The Young Vic revived After Miss Julie in March 2012 as its first production of Classics for A New Climate. It was directed by Natalie Abrahami. Natalie Dormer played the title role, Kieran Bew John, and Polly Frame Christine. The production was sold out with Natalie Dormer receiving particularly high praise. Sarah Hemming of the Financial Times gave it 4 out of 5 stars as did Lyn Gardner in The Guardian calling it 'Natalie Abrahami's compulsively watchable revival'

Gothenburg English Studio Theatre in Sweden made a production of After Miss Julie during the spring of 2006. It was directed by Naomi Jones and portrayed by Emma Parsons (Christine), Gary Whitaker (John) and Kristina Brändén Whitaker (Miss Julie).
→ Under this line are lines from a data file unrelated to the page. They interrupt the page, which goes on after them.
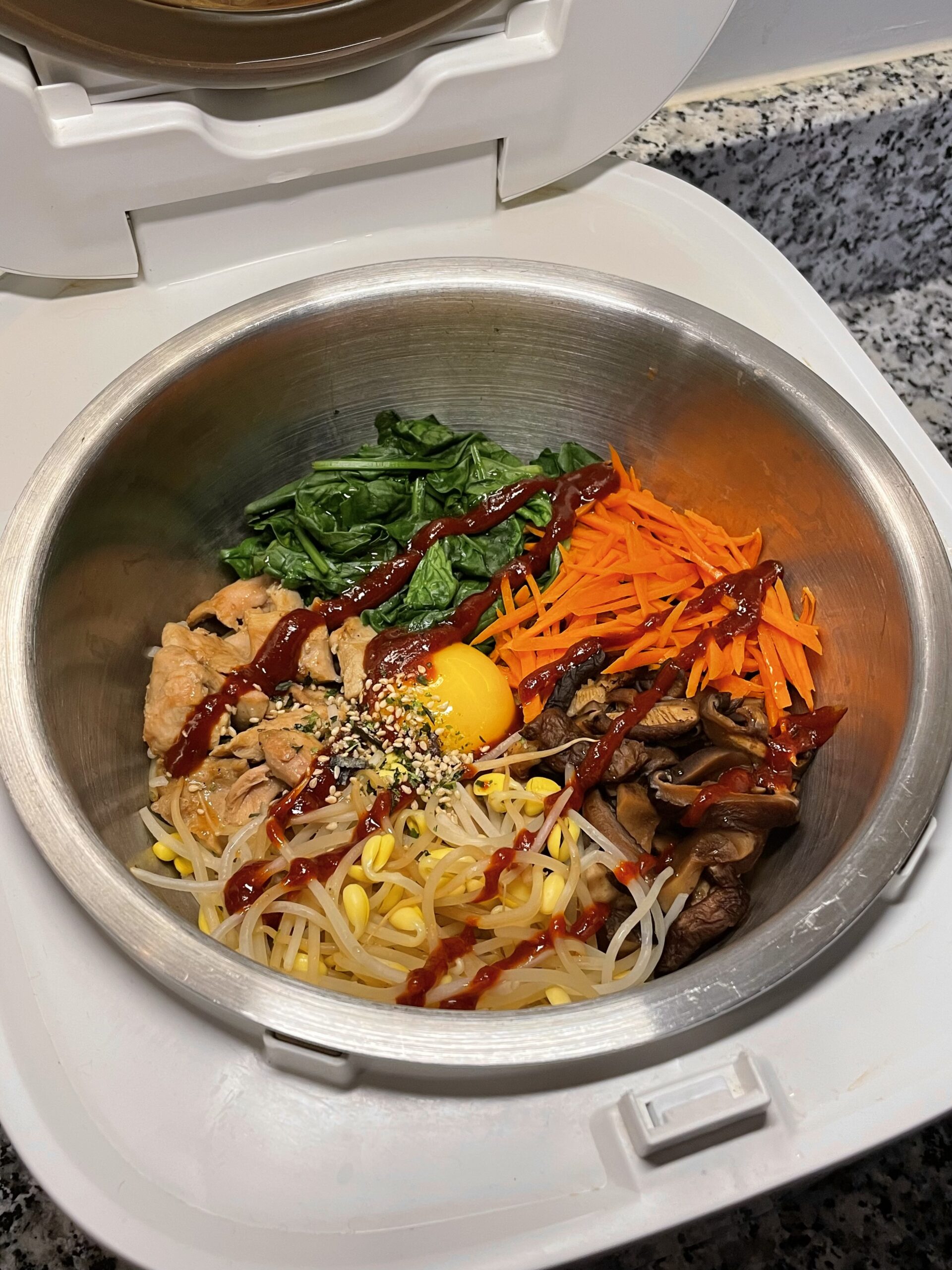 Rice Cooker Chicken Bibimbap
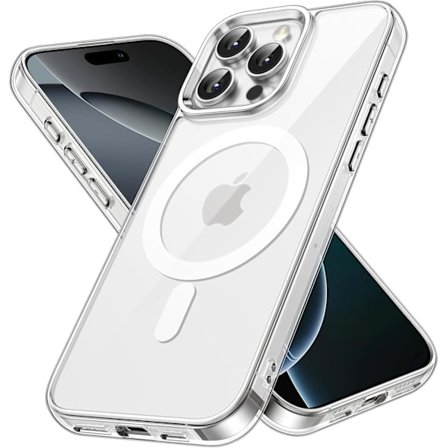 Magnetiskt skal för iPhone 16 Pro 6,3 tum, MagSafe-kompatibelt, Stötsäkert telefonskal med reptålig klar baksida
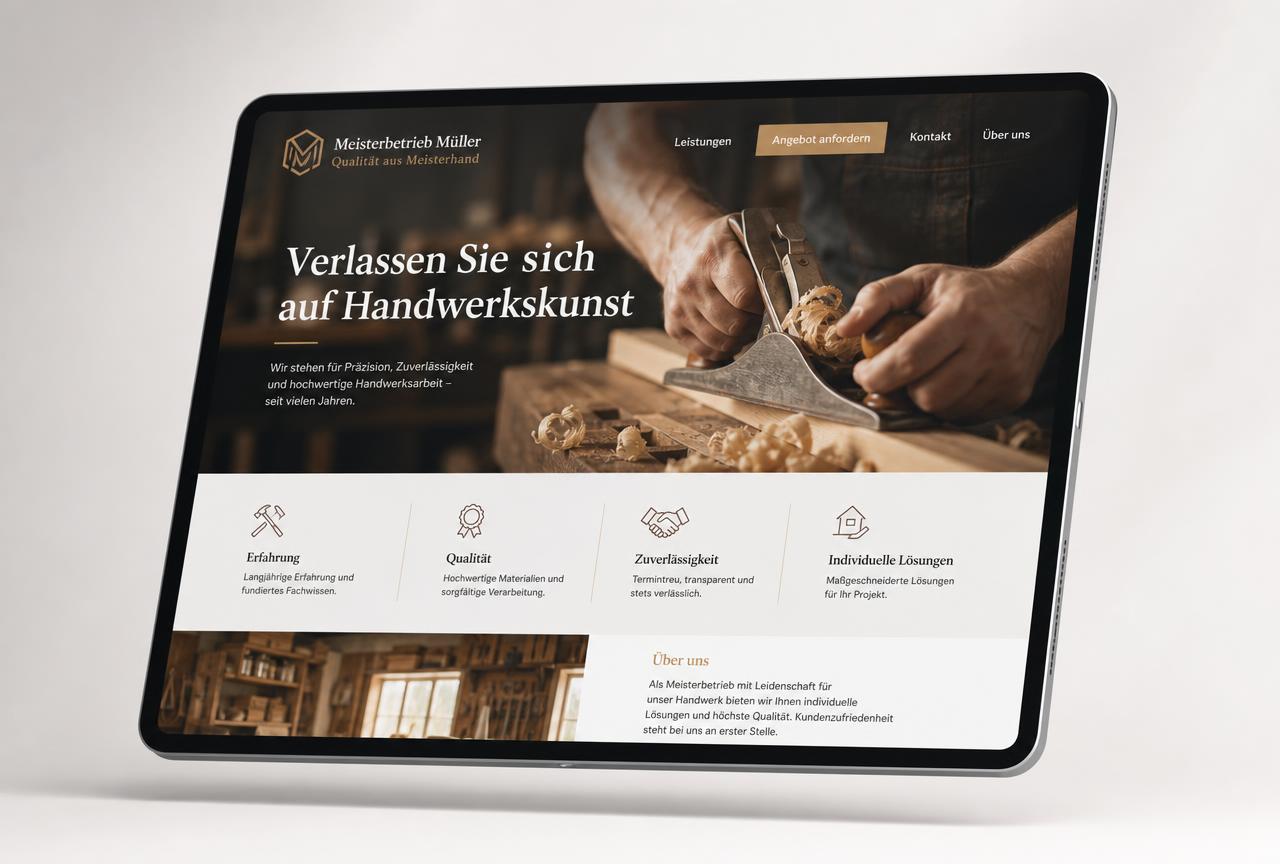 Demo-Website Mockup: Handwerker Website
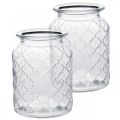 Floristik24 Vase en verre motif diamant, lanterne, récipient en verre décoratif, décoration de table 2pcs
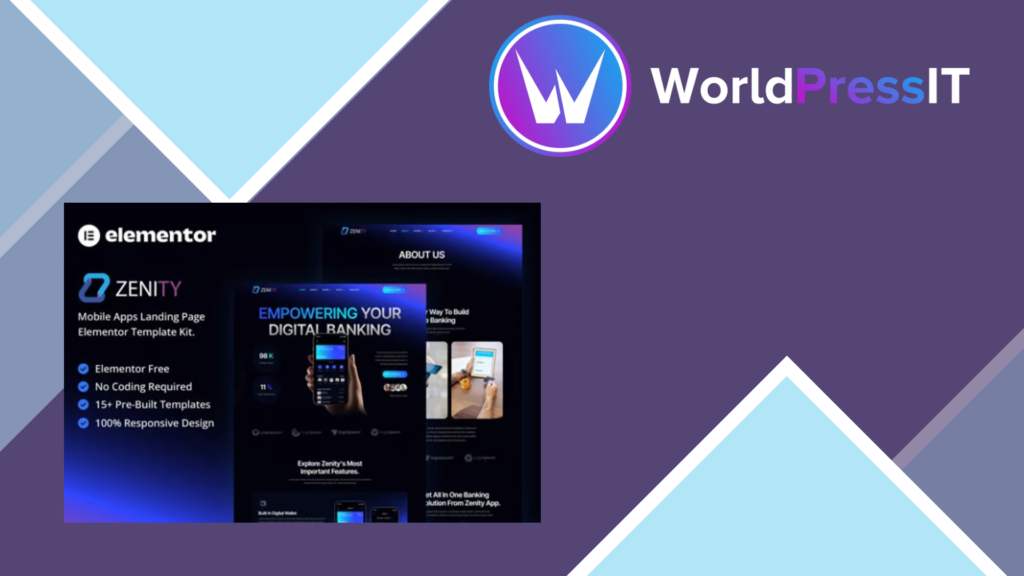 Zenity – Mobile App Landing Page Elementor Template Kit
The regional premiere was at the Theatre by the Lake in Keswick on Friday, 28 July 2006. Its run ended on 1 November 2006. The characters were played by Juliette Goodman (Miss Julie), Guy Parry (John) and Polly Lister (Christine). It was directed by Simon H West. The production was praised for its impact, acting and sexual charge.

Salisbury Playhouse produced a production of After Miss Julie from 1–24 October 2009, directed by Tom Daley.

===Broadway===
The Roundabout Theatre Company produced the Broadway premiere on 22 October 2009 at the American Airlines Theatre to mixed reviews. It starred Sienna Miller (Miss Julie), Jonny Lee Miller (John) and Marin Ireland (Christine), and was directed by Mark Brokaw with light designs by Mark McCullough.